There has never been much doubt in my mind that Asia will have a softer landing from the current global financial crisis than other parts of the world, with the possible exception of its neighbour Australia.

The Asian banking crisis of 10 years ago has resulted in national governments building reserves, protecting currencies and, most important of all, regulating banks in a way that they had failed to do last time round.

Of course, Asian economies will suffer from reduced exports and that will hurt. But today Asian domestic demand, from improving living standards, has given rise to a huge increase in intra-regional trade. Current exports within Asia by South-east Asian countries exceed their global exports of 20 years ago; and in July last year Japan, for the first time in its history, exported more to China than to the US.

The big question for the future of Asia and the world is undoubtedly China. Will the Chinese authorities play with the exchange rate or move to use their massive reserves of foreign currency? The answers will affect us all, not least in the world of wood, the supply and demand of which is influenced by China in so many products.

China’s exports

Right now things look pretty bad and The Economist recently pointed out that exports from China were down by 2.8% in December compared with the previous year, and that GDP scarcely grew in the last quarter of 2008. Everybody knows that China needs growth just to stand still.

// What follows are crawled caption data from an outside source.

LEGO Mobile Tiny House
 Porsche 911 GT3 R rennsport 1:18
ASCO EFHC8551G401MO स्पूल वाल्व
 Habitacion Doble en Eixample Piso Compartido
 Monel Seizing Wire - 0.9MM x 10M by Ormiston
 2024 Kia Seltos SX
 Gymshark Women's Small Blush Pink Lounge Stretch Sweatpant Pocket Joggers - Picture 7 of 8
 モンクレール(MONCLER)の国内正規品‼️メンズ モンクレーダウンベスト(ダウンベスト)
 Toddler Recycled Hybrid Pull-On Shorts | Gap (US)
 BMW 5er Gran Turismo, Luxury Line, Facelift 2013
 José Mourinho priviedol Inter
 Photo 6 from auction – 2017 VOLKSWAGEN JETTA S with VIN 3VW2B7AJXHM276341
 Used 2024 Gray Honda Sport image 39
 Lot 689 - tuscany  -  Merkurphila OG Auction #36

In addition, annualised rates of GDP fell in Japan by 10%, Singapore by 17% and Korea by 21%. Imports into Vietnam fell by 45% in January.

So will the intra-regional trade really soften the fall? Conventional wisdom says that Asian intra-regional trade is part of a global network from which it cannot escape. My view is that it is the resilience of Asian nations that will be their greatest asset, linked to better governance and less of a financial burden from social benefits than in Europe, if not in the US.

Asians have never relied much on any social safety nets, nor will they now – and they have never been frightened of very hard times and even harder work.

From a wood industry perspective, my belief is that Indonesia is still the country to watch. Despite an appalling reputation for the management of its tropical rainforest in the past, and the problems of land conversion for agriculture that remain to be tackled, Indonesia has a wood processing infrastructure, a skills base, huge supplies of competitive labour, entrepreneurs that are undeterred by economic woes, and resources that underpin an economy that has proven itself in recent years.

New arrival

The other country to watch is, of course, Vietnam – newly arrived on the timber scene and now a major contributor to the demise of furniture manufacturers in many countries.

By comparison with Indonesia, Vietnam is simply an agricultural country in the process of industrialising within a very short time frame and with an economy still under communist government.

It had a crisis of its own early in 2008, before the global crisis fully emerged and largely unknown to outsiders. The property market exploded and collapsed; the infant stock market plummeted; and the currency was so volatile that the commercial rate and official rate diverged to the point that car importers were forced to return stocks for which they were unable to find foreign exchange with which to pay producers. So, having fallen already, it has less far to fall in the current market.

Despite being a significant processor of wood, mainly for furniture exports, Vietnam is still not a major wood user in terms of its domestic markets, with 95% of construction in concrete and only a few joinery and some flooring products in hardwood.

But for the future I see a comparison with Korea, the largest plywood producer in Asia in 1970 and today solely an importer. The future rise of Vietnam as an industrialised nation is now inevitable, from tourism to hi-tech industries it will surely succeed.

However, as a wood processor devoid of sufficient native forests; dependent on US hardwoods and New Zealand softwoods; under NGO threats to stop importing from Indochinese neighbours; and without the innate wood skills base of Indonesia, its wood furniture producing days could be numbered.